Why would checking for supported SIMD instructions cause that much additional work?

Also, even if this is the case, you can always check once and then replace the function body with the chosen one, eliding the check.

> Why would checking for supported SIMD instructions cause that much additional work?

Because CPUID checks on x86 are expensive for whatever reason.

> That seems surprising, particularly given that autovectorizing compilers tend to insert pretty extensive preambles that check for whether or not it's likely the vectorized one will have a speedup over the looping version (e.g., based on the number of iterations) and postambles that handle the cases where the number of loop iterations isn't cleanly divisible by the number of elements in the chosen vector size.

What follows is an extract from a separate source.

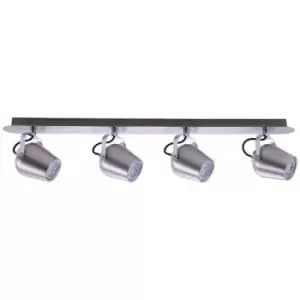 Italux Lighting - Italux Josie - Modern Spotlights Satin Nickel 4 Light led, GU10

Compilers can't elide those checks unless they are given specific flags that tell them the target CPU supports that specific instruction set OR they always just choose to target the minimum supported SIMD instruction set on the target CPU. They often emit suboptimal code for all sorts of reasons, this being one of them.

> Also, even if this is the case, you can always check once and then replace the function body with the chosen one, eliding the check.

Yes, but like I said, you have to do it very carefully to make sure you're calling CPUID once outside of a hot loop to initialize your decision making and then relying on the CPU's predictor to elide the cost of a boolean / switch statement in your code doing the actual dispatch.